Here, of course, we’ll start a Windows Server 2016 Core container, and I’ll send the command powershell.exe so we’re in a PowerShell console on container start. First, I’ll show you the generic syntax:


Now, we’ll create a new container named ‘core1’ and start a PowerShell-based interactive session:

docker run -it --name core1 windowsservercore powershell.exe

The -it switch denotes an interactive (virtual console) session, by the way.

We’ll work with our newly generated container in a moment. First, I want to speak to you briefly about Docker documentation.

A few words about documentation

Remember that we’re not dealing with Windows PowerShell or even native Windows shell commands. Instead, we’re using native Docker commands that function identically regardless of whether our container host runs Windows, OS X, or Linux.

From your Windows Server 2016 container host, we use docker --help to list general syntax and all command names. To get command-specific help, use the following example to get you started:

PS C:\> docker attach --help
 Usage:  docker attach [OPTIONS] CONTAINER
 Attach to a running container
 --help=false        Print usage
 --no-stdin=false    Do not attach STDIN
 --sig-proxy=true    Proxy all received signals to the process

For more robust Docker help, I suggest that you bookmark the official Docker Docs website. If you’re interested in a good “cheat sheet” recommendation, then check out the appropriately named Docker Cheat Sheet project at GitHub.

Working with a Windows Server container

Once you spawn a new container, Windows closes your current console and puts you in another one. The problem, and this is definitely where Microsoft has much work to do, is that it’s nearly impossible to know (a) whether you’re in a container or the container host operating system or (b) which container you’re in. Look at the following screenshot, which shows my Azure VM RDP session.

Who am I, where am I

Who am I, where am I, and what am I doing here?

The only reason I know I’m inside my ‘core1’ container is that all the console output I had on my screen previously is gone and the on-screen text has a black background. That’s it. When I run hostname, I get the name of the VM container host. Very confusing! I’m sure that Microsoft will address this problem as they move along in their development.

To ‘detach’ from the container (technically called switching from interactive mode to daemon mode), we use the following wacky double key combination:


In my Azure VM’s PowerShell console, the prompt changed from C:\Windows\System32 back to C:\, which was my current working directory at the time I created the container.

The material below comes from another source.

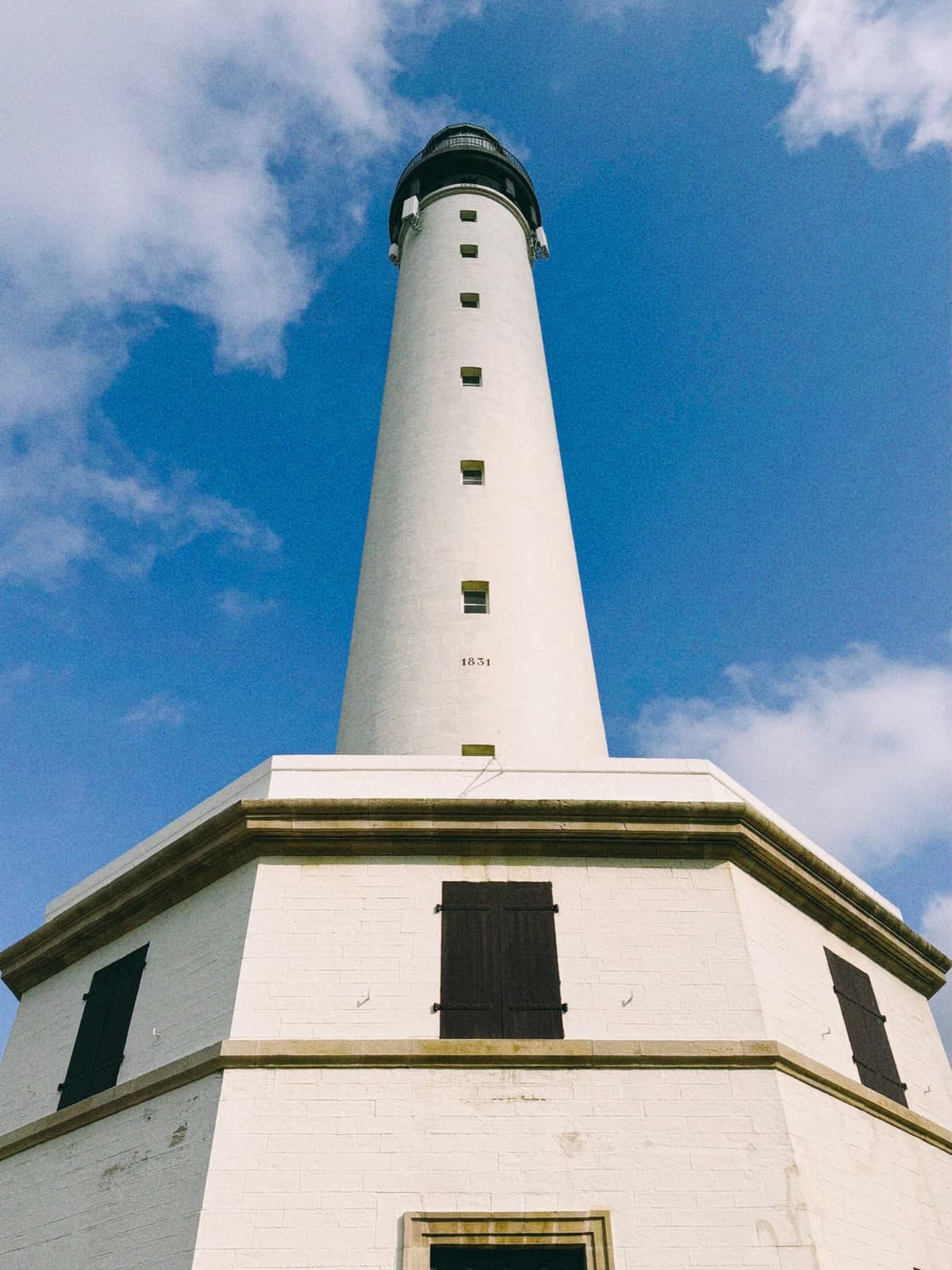 The Biarritz lighthouse, white against a scrubbed-blue sky since 1831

Let’s verify that my ‘core1’ container is still running by using docker ps:

PS C:\> docker ps
 CONTAINER ID    IMAGE                COMMAND             NAMES
 2da01ad71e36     windowsservercore   "powershell.exe"    core1

Regarding the previous output, I removed the CREATED, STATUS, and PORTS columns from my live output in the name of better legibility. So now we’re in the container host; how can we re-attach to our ‘core1’ container? Naturally, we use docker attach!

docker attach core1

…and, we’re back to the C:\Windows\System32 working directory and are ambiguously inside the ‘core1’ container. To gracefully stop the container, we’ll do the CTRL+P, CTRL+Q ‘salute’ to exit our interactive session, and then run docker stop:

docker stop core1

You should now find that docker ps reports no running Docker containers.

Let’s clean up. (This is, seemingly, already becoming a lost art in the Docker community.) We use docker rm to remove a container:

docker rm core1

Next steps

We’ve covered quite a bit of ground in this article, but we have so much more to accomplish! For instance, we haven’t (yet) learned how to build Windows Server containers. We’ll have to wait on the Windows Server team to implement that functionality, and then I’ll hopefully be the first to teach you how it works.

In the meantime, I hope that you’ll spend time getting your “sea legs” with Docker by using a fully fleshed-out implementation. For instance, consider building an Ubuntu Linux virtual machine instance by using Windows 8.1 or Windows 10 client Hyper-V. The Docker engine also runs great on OS X hosts. Docker even has a GUI front-end called Kitematic that simplifies container setup and management. Get this—Kitematic runs on Windows! That’s it for now—happy Dockering to you!